In the worst case, higher population growth is projected before we make changes, and this results in higher speed toward the limit. To avoid hitting the limit and to minimize casualties we would have to now be decreasing our personal consumption by twice the rate we increased it last year, and stop at no more than 88% (and no less than 60%) of the current global average by the end of the century. Ideally, we should be following this approach anyway, following the sound advice of preparing for the worst case and hoping for the best case.

That "best case" is not, of course, my best case – it is the "limitless case" that seems to be the main planning scenario for the world. For that, there is no need to consider changing anyone's way of life, except to convince them to help increase our own happiness, population, and longevity. Given that our influence over our lives and those of our friends and family is much greater than any influence we might have over the rest of the population, it makes sense under this scenario to focus only on these groups. Doing so inevitably results in more consumption and a growing population, which a lack of limits allows so long as the corresponding complexity can be managed.

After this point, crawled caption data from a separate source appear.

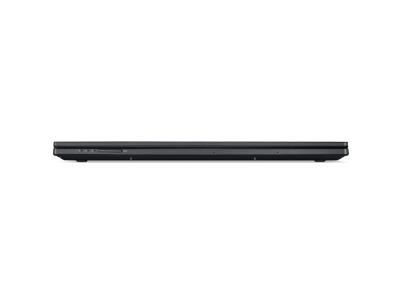 Acer TravelMate P648-M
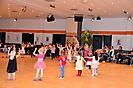 Kinder-Disco vom 7. April 2018_6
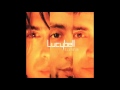 Lucybell - Piedad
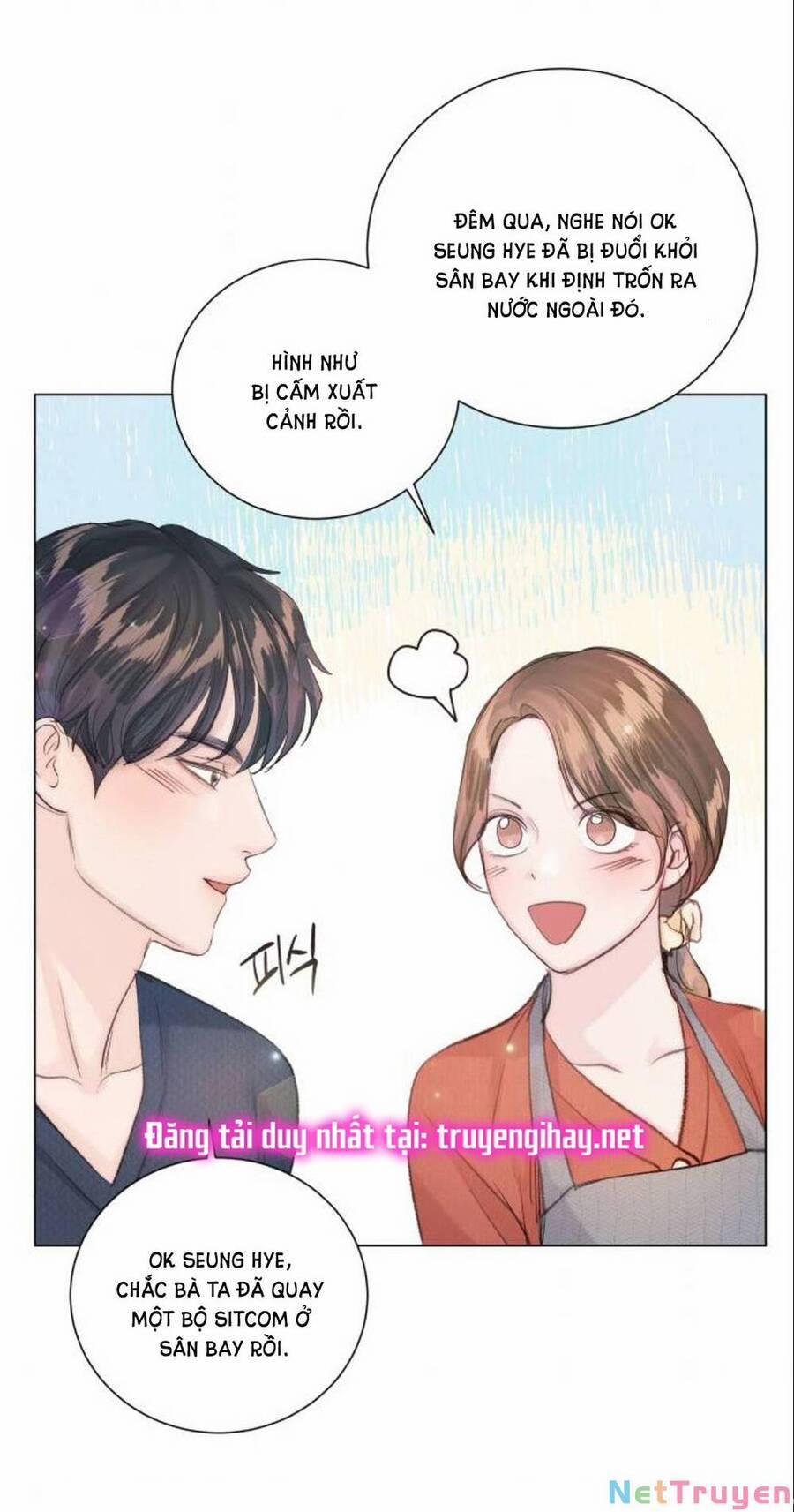 Kết Thúc Nhất Định Sẽ Có Hậu 83.1 trang 6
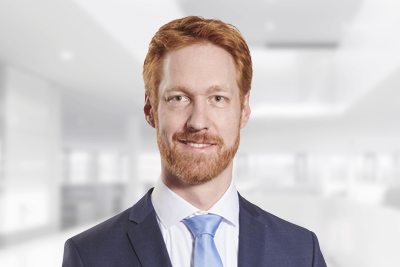 Knauber Tankgas Ansprechpartner Florian Richter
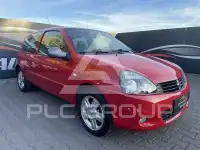 2012 Renault Clio
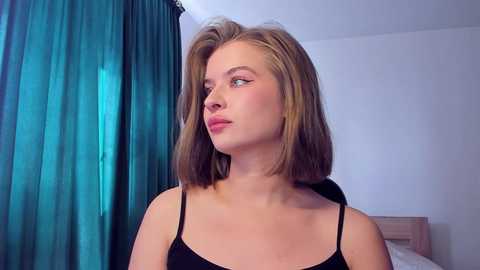 mallorywest @ stripchat on 20240706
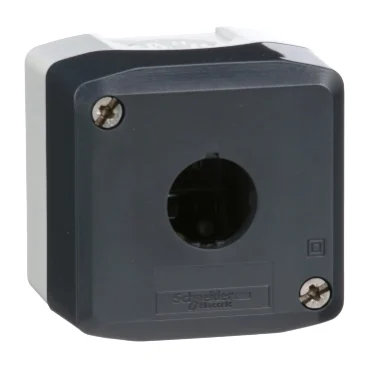 Schneider Electric XALD01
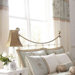 Laurinda Curtains in Duck Egg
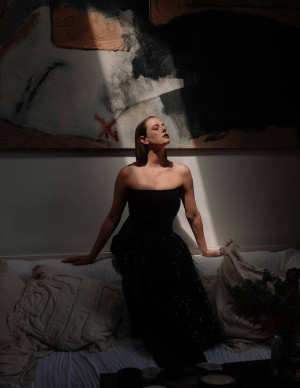 photos Kaya Scodelario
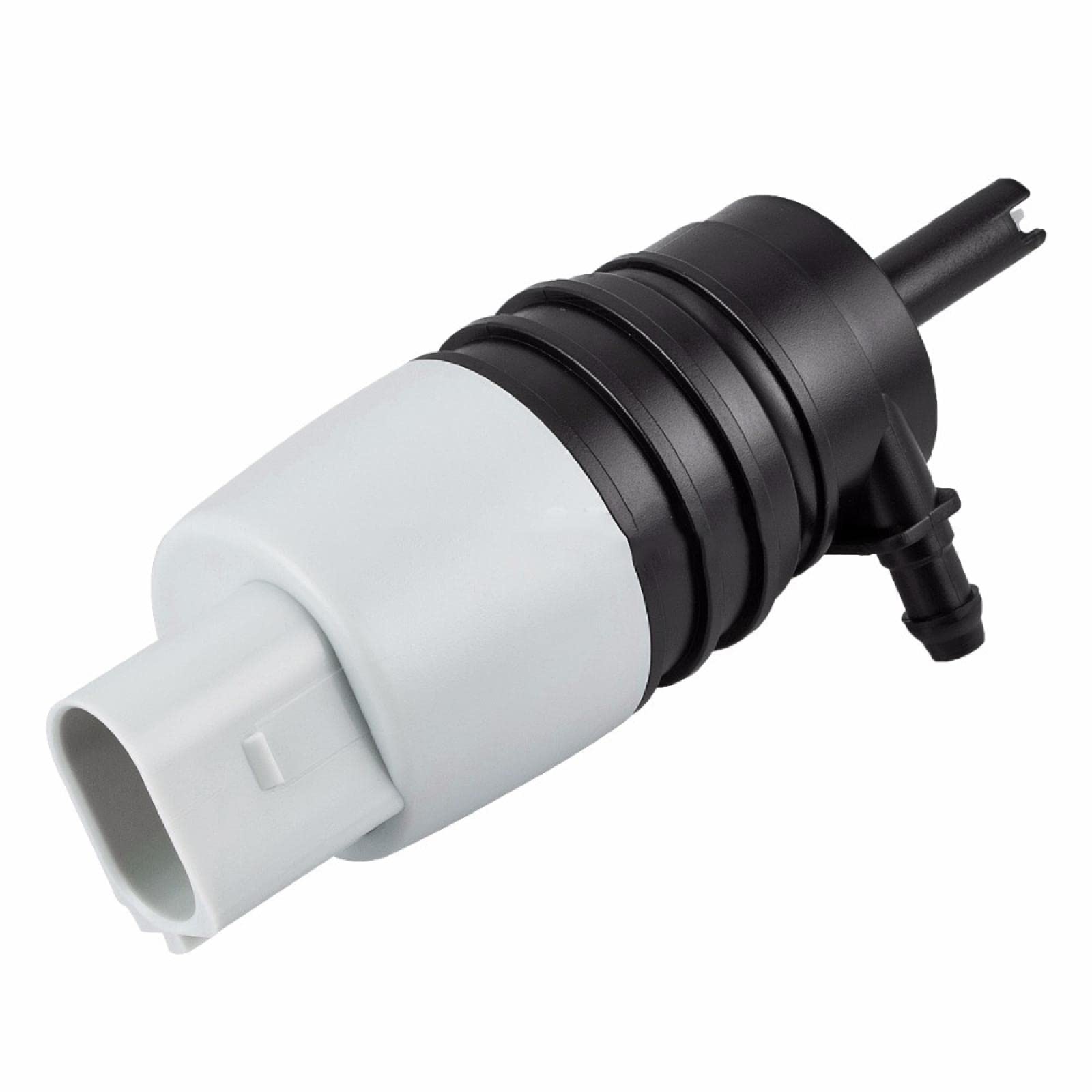 692570601 Motore Lavavetri Anteriore per BMW SERIE 1 BERLINA (E81/E87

If I am wrong about the nearby limit my models indicate we are about to hit, there is another limit behind that: the effective depopulation of other species that includes those we directly depend upon. If we can proceed along the trajectory of the limitless case, I estimate we will hit that final limit by 2029 with a population of 8.5 billion people. If growth continues after that, then we are indeed on a world without limits, and I will stand corrected. There is, however, the very real threat of climate change that is expected by scientists to get much worse in the near future, as well as verifiable increases in pollution and species extinction that are a source of justifiable worry for the foreseeable future.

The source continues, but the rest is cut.